Voilà donc une œuvre remasterisée qui retrouve sa fougue et son énergie d'origine. Le film fait la démonstration que Lynch est un monstre de cinéma.
Bluuuuuuuuuue Velvet, hymne entêtant d'une bande originale devenue culte. C'est l'histoire d'un jeune homme fraîchement orphelin du père, qui joue son Columbo après avoir retrouvé une oreille humaine dans un champ. David Lynch construit une histoire hybride entre le macabre et l'érotique. Les dialogues, un brin niaiseux, ne sont qu'anecdotiques. Ce qui intéresse le cinéaste américain, c'est plutôt la mise en scène. Une photographie de l'Amérique années 80, classe moyenne et bien peignée. C'est aussi le début d'une histoire d'amour, un brin niaiseuse, et d'une autre, un brin surréaliste, qui s'opèrent entre un ténébreux Kyle MacLachlan et ses dames, Isabella Rossellini et Laura Dern. La chanteuse désorientée versus l'étudiante prude. Rien de très joviale, le film met en exergue une curiosité malvenue qui tourne mal. Le tout manque de vigueur pour être marquant.
Après deux films de commande (Elephant Man & Dune) dont il s’est sorti avec les honneurs pour le premier, pas si mal pour le deuxième, David Lynch put enfin (re)mettre en scène une de ses créations.

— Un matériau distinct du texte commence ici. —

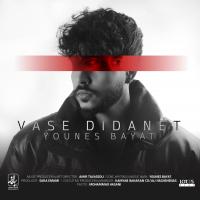 Younes Bayat Vase Didanet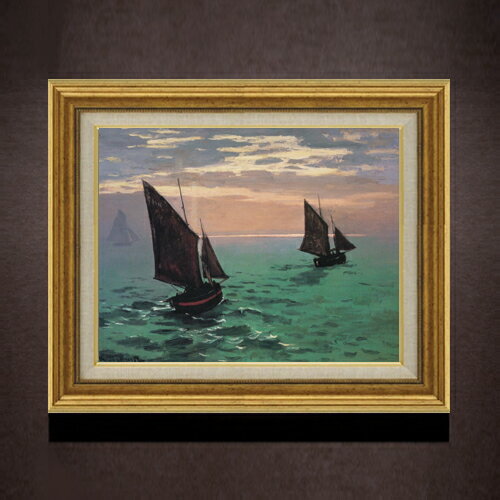 Rakuten - 【油絵 直筆仕上げ】クロード・モネ 海上の釣り船 F6 【アップグレード額】 絵画 販売 6号 油彩 風景画 558×467mm 複製画 送料無料 プレゼント ギフト 開店祝い 開業祝い 退職祝い 新築祝い リビング 玄関 モダン アートフレーム 壁掛け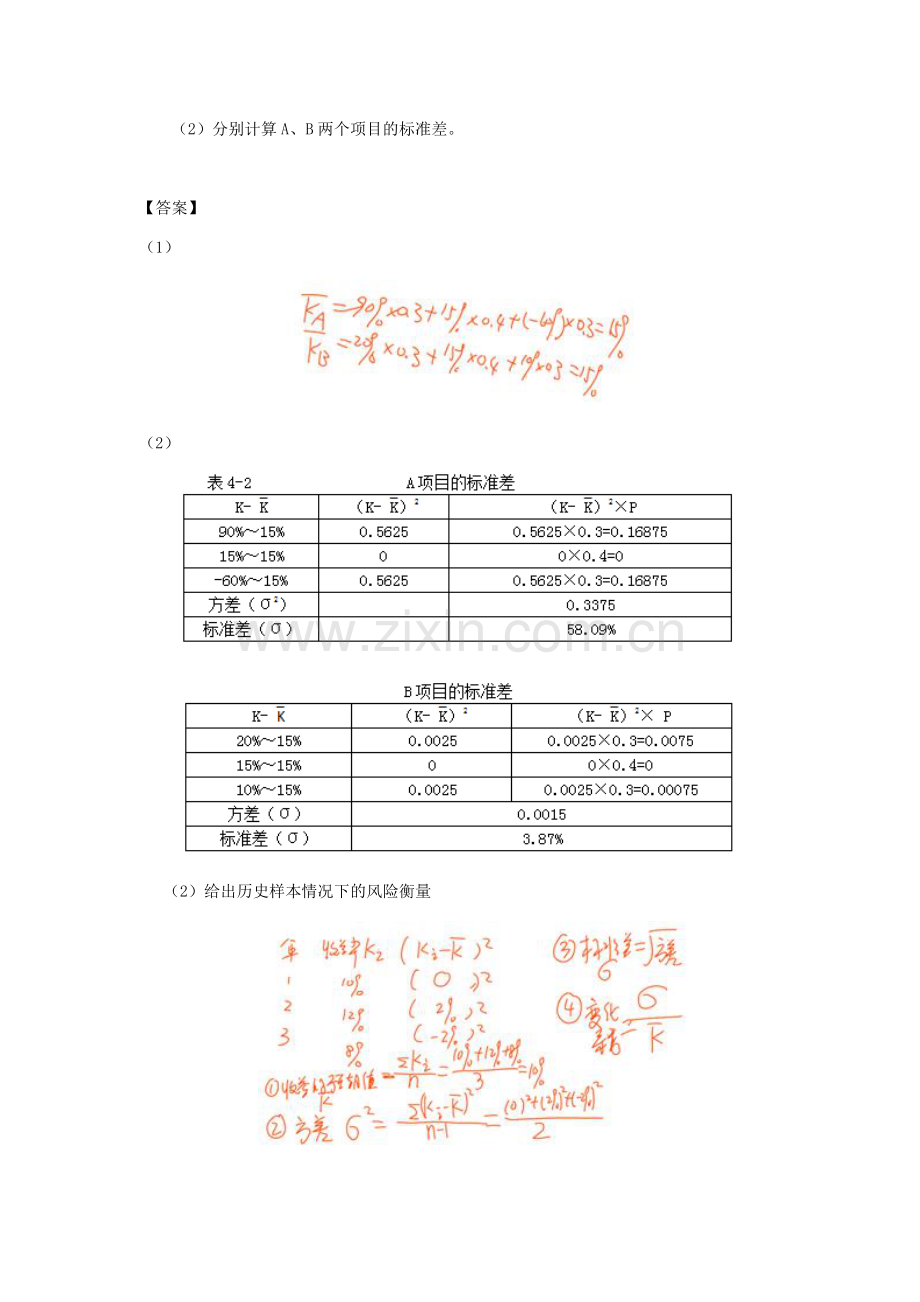 注册会计师讲义《财管》第四章价值评估基础04.doc_第3页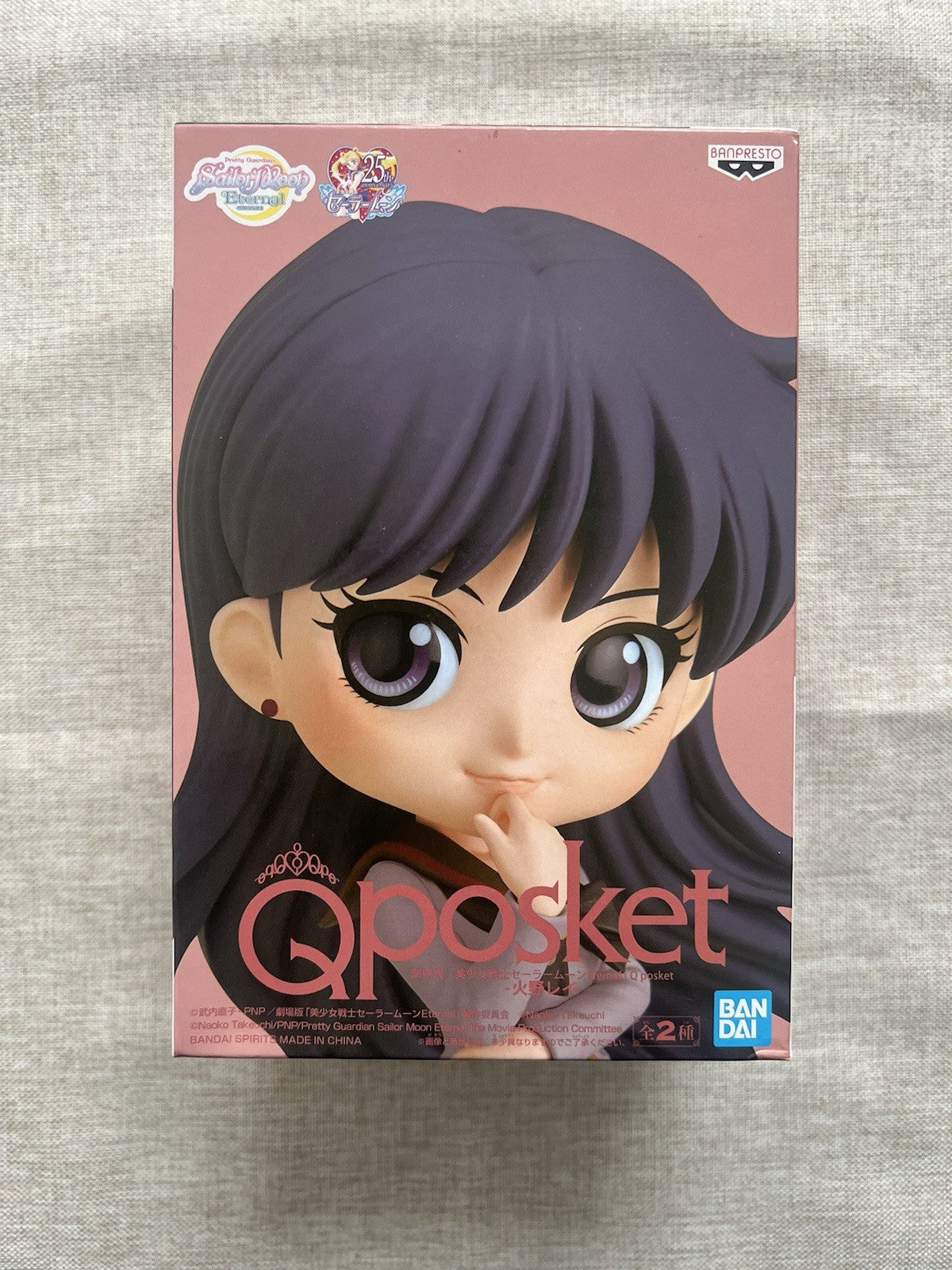 Sailor Moon Eternal Rei Hino Sailor Mars Q Posket Ver A Figure Banpresto (B/1)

Utilisant son acteur de Dune, Kyle MacLachlan, comme double du spectateur, David Lynch nous plonge, avec Blue Velvet dans une Amérique angélique au premier abord mais dont le Mal suinte de partout, comme ce plan terrifiant sur des insectes grouillant dans un gazon immaculé. Ce thriller un poil érotique et vraiment étrange est le digne successeur d’Eraserhead dans le malaise qu’il procure à son spectateur grâce à son univers décalé et toujours surprenant. Les performances des acteurs sont excellentes, surtout celle de Dennis Hopper, évidemment, exceptionnel en méchant fou furieux, capable de tout et seul personnage autorisé à dire le F-Word dans le film et celle de Dean Stockwell, suave à souhait dans une interprétation étonnante d’In Dreams de Roy Urbison. Elles portent un film déjà bien garni grâce à une mise en scène parfaitement maitrisée avec une musique oppressante, qui ne souffre que d’un troisième acte un peu trop graphique, qui affaiblit vraiment le tout.
Dommage, car Blue Velvet en reste une expérience inoubliable, à l’instar d’un Eraserhead, une plongée dans le cerveau dérangé et pourtant jamais indulgent de David Lynch.